O potencial de um jovem surfista também se mede pelas marcas e patrocínios que tem e Afonso Antunes já é apoiado pela Quiksilver, Pyzel, Meo, creature of leisure e EQ.

Abrir caminho para a liga mundial

"Desde muito cedo" que o pai percebeu o talento do filho em cima de uma prancha. Começou pelo bodyboard e só depois passou para o surf. "Há coisas que nós surfistas notamos logo, coisas tão básicas como o stance, que é a posição natural, e o gosto pelo mar. São duas coisas que para se fazer um bom surfista são essenciais logo de início, e no caso do Afonso notou-se logo isso. Tinha uma posição natural incrível sobre a prancha e adorava o mar, queria passar horas e horas dentro de água", contou o pai. Até aos dez anos "a coisa foi mais na brincadeira", depois viu-se que "havia ali alguma coisa especial" e começaram a investir num futuro no surf.

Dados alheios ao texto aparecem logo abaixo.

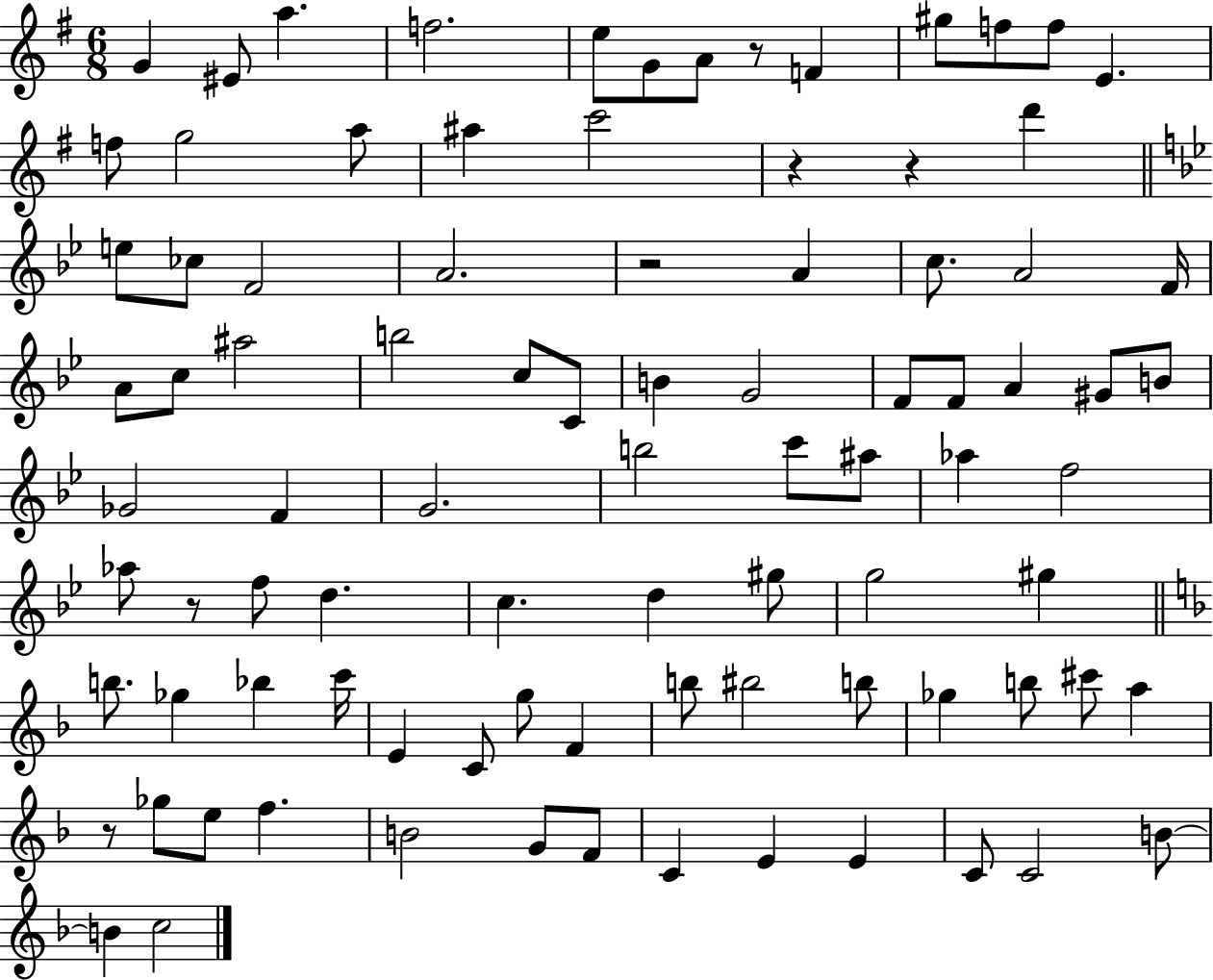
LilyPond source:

{
  \clef treble
  \numericTimeSignature
  \time 6/8
  \key g \major
  \repeat volta 2 { g'4 eis'8 a''4. | f''2. | e''8 g'8 a'8 r8 f'4 | gis''8 f''8 f''8 e'4. | \break f''8 g''2 a''8 | ais''4 c'''2 | r4 r4 d'''4 | \bar "||" \break \key bes \major e''8 ces''8 f'2 | a'2. | r2 a'4 | c''8. a'2 f'16 | \break a'8 c''8 ais''2 | b''2 c''8 c'8 | b'4 g'2 | f'8 f'8 a'4 gis'8 b'8 | \break ges'2 f'4 | g'2. | b''2 c'''8 ais''8 | aes''4 f''2 | \break aes''8 r8 f''8 d''4. | c''4. d''4 gis''8 | g''2 gis''4 | \bar "||" \break \key d \minor b''8. ges''4 bes''4 c'''16 | e'4 c'8 g''8 f'4 | b''8 bis''2 b''8 | ges''4 b''8 cis'''8 a''4 | \break r8 ges''8 e''8 f''4. | b'2 g'8 f'8 | c'4 e'4 e'4 | c'8 c'2 b'8~~ | \break b'4 c''2 | } \bar "|."
}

Para João, ex-tricampeão nacional e um dos maiores destaques do surf nacional e europeu dos anos 1990, não se pode falar de um conflito de gerações, mas no tempo dele os surfistas não tinham estrutura por trás, "era cada um por si". "Há algumas diferenças, mas não é assim tão diferente, as regras do jogo continuam a ser as mesmas", disse, recordando que as pranchas sofreram algumas melhorias técnicas em termos de material. "A única diferença é que há muito mais profissionalismo hoje em dia, mais acompanhamento, as equipas são maiores. No meu tempo era mais cada um por si, não tínhamos treinadores... Como é um desporto muito individual há segredos e guardávamos muitos para nós, mas andávamos em grupos e apoiávamo-nos muito uns aos outros nos campeonatos", recordou João.

A transição de surfista para treinador de surfistas aconteceu naturalmente: "Quando o Afonso nasceu eu já estava em final de carreira e fui preparando a saída. Depois dediquei-me a ele e a treiná-lo." João já tinha outro filho mais velho, que também surfava, mas a partir de certa altura optou pela permacultura (um sistema de agricultura que assenta na sustentabilidade ecológica, humana e financeira).

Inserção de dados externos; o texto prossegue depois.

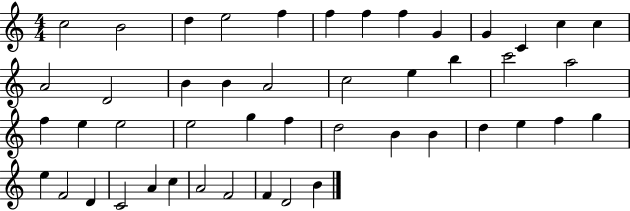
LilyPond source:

O papel de pai-treinador é ambivalente e por vezes confundem-se porque "o surf entra em casa", não fosse uma família de surfistas. Mas, quando assim é, "é um surf paternal". "À vezes não é fácil, como também sei que não é fácil para ele fazer de filho e aluno. Às vezes passamos umas fases diferentes e estranhas, mas temos sabido lidar bem com isso, tem sido um ensinamento", confessou o treinador.

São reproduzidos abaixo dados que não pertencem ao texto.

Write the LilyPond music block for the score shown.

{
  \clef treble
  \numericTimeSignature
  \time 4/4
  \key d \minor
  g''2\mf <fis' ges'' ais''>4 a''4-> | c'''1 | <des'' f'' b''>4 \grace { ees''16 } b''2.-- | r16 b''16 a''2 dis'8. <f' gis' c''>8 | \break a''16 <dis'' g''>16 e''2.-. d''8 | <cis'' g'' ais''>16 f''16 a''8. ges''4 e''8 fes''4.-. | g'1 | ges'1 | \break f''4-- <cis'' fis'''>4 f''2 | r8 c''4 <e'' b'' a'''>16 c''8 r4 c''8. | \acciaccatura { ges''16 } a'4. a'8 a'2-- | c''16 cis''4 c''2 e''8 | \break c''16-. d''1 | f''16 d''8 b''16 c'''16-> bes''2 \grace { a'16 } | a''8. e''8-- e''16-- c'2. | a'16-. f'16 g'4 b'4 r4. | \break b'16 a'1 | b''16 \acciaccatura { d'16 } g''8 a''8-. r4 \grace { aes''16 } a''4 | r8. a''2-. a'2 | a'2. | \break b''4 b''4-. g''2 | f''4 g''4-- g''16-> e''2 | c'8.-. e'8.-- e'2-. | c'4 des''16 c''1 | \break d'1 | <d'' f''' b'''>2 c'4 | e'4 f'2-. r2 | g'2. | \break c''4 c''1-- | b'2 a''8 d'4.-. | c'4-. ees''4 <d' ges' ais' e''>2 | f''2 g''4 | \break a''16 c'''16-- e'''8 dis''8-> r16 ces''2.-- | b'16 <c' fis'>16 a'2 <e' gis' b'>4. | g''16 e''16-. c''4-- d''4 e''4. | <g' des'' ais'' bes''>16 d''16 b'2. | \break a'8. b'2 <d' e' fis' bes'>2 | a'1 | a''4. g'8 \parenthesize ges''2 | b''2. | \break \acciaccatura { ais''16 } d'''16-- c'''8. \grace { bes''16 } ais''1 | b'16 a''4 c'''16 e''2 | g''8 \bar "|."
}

João e Afonso formam uma dupla que é novidade no panorama português, mas que é habitual entre os melhores do planeta. Gabriel Medina, campeão do mundo em 2014 e o padrasto Charles, Filipe Toledo e o pai Ricardo Toledo, ou a família Wright de várias gerações na modalidade...

Colegas uma vez por ano

Pelo menos uma vez por ano, João deixa o papel de pai de lado e passa a ser colega de profissão. Na condição de ex-campeão nacional, o pai de Afonso recebe sempre um wilcard para a prova da Figueira da Foz, que "tem umas ondas incríveis", no campeonato nacional. Afonso gostava que fosse assim em todas as provas. Ainda reconhece ao pai capacidades para competir. Aliás, costumam simular heats (competir um com o outro) e o pai "ainda leva quase sempre a melhor". Têm "um à-vontade natural" a competir um com o outro e o teenager está sempre a tentar derrotar o pai.

Afonso está na fase crucial da carreira. Para evoluir precisa de ser acompanhado por um preparador físico, algo que só vai acontecer agora. "Assim que ele começar a trabalhar a parte física vai-se notar uma evolução enorme, mas tem de ser acompanhado de forma correta, tem apenas 16 anos e o corpo ainda está em fase de formação. Vai ganhar flexibilidade e resistência", explicou o pai João.

E com essa evolução toda até onde pode chegar o Afonso? " Até onde quisermos", atirou o pai antes de revelar: "O sonho dele é estar entre a elite mundial e ser campeão do mundo várias vezes. Eu como pai e como ex-profissional do surf estou a traçar-lhe o caminho."